Plan for Profit
If there’s one thing we can agree on, it’s that today’s small and mid-sized business owners don’t have it easy.
While the majority of business owners in the meat and poultry processing industry may be experts on the industry, running the day-to-day operations of the business is often overwhelming for many of them. For instance, many get too caught up in the short-term details and lose sight of the big picture – the real role of a business owner. External issues consume their focus, when their attention should be focused on addressing the needs of their own business and managing for profits.
The first and most important question you need to ask as a business owner or manager is: Are we profitable? And if not, how can we be profitable?
Business owners need to stop living on residual profit, or what’s left over, and implement a business model that ensures profit.
How much do I want to make, and how can I get there? The answer is simple – plan for profit. This can be done by adhering to a planned profit model – a simple equation that ensures you act today, but plan for tomorrow.
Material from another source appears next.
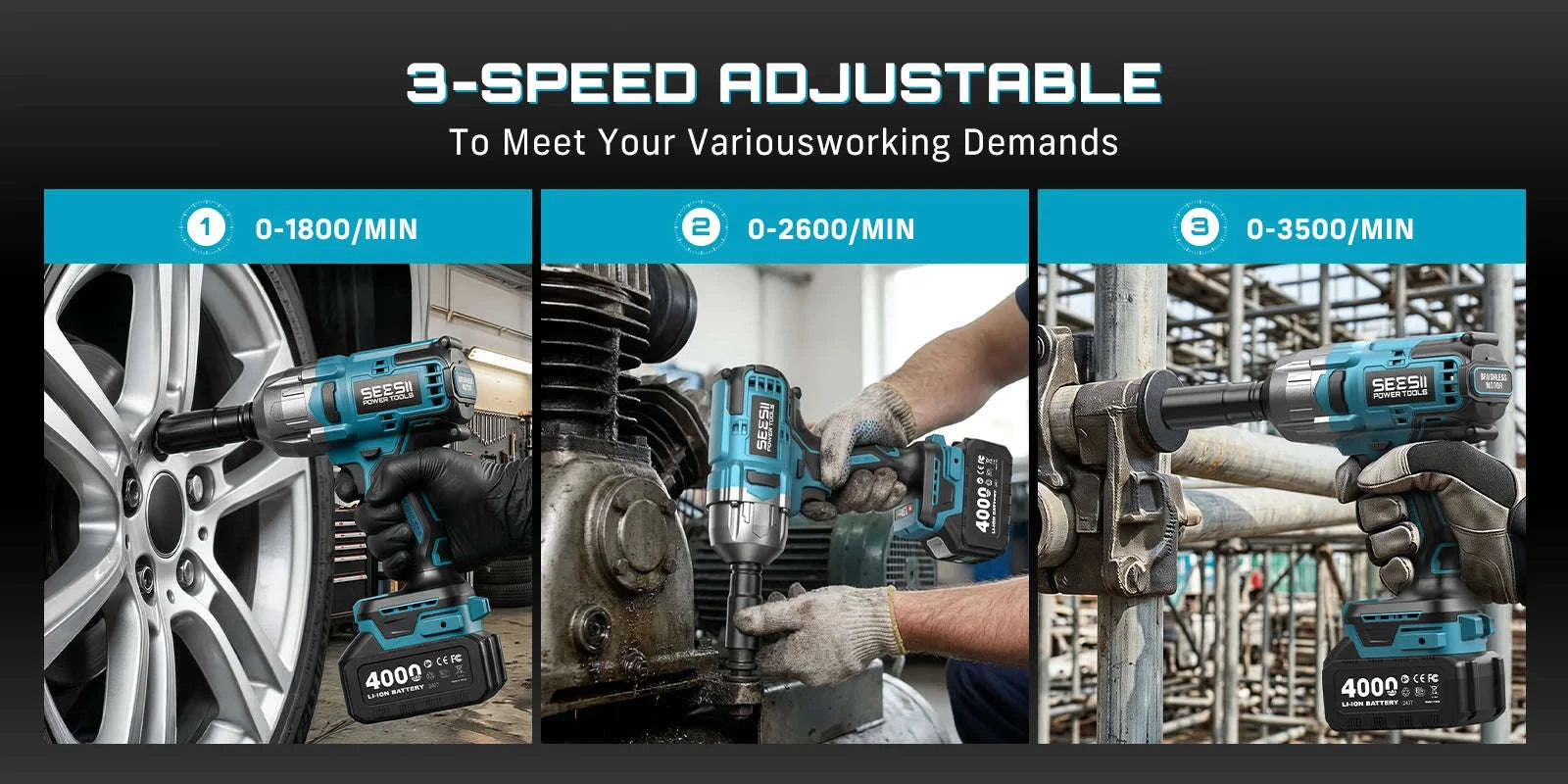 1300N.m 3-in-1 Cordless Impact Wrench Drill Screwdriver Kit-United States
Revenue – Profit = Expenses
Profit should not be a result or an outcome. Profit should be looked at first. However, most managers don’t realize that profit is a number that can be decided upon, as a fixed input variable, determined and controlled in advance. Too many businesses use a model that places profit as the result, and don’t know how much money they have generated (or lost) until the accounting period ends.
What do I want my profit to be? How much revenue will it require? And, what expenses can I cut?
While you can’t cut your way to profitability, you can control costs and increase productivity.
The trick is finding which costs can be cut or controlled and how to do it. The same goes for the production. An efficient business eliminates wastes within the operation. Such waste includes:
• Labor inefficiencies, such as too many employees, improper allocation of personnel for jobs, and scheduling problems.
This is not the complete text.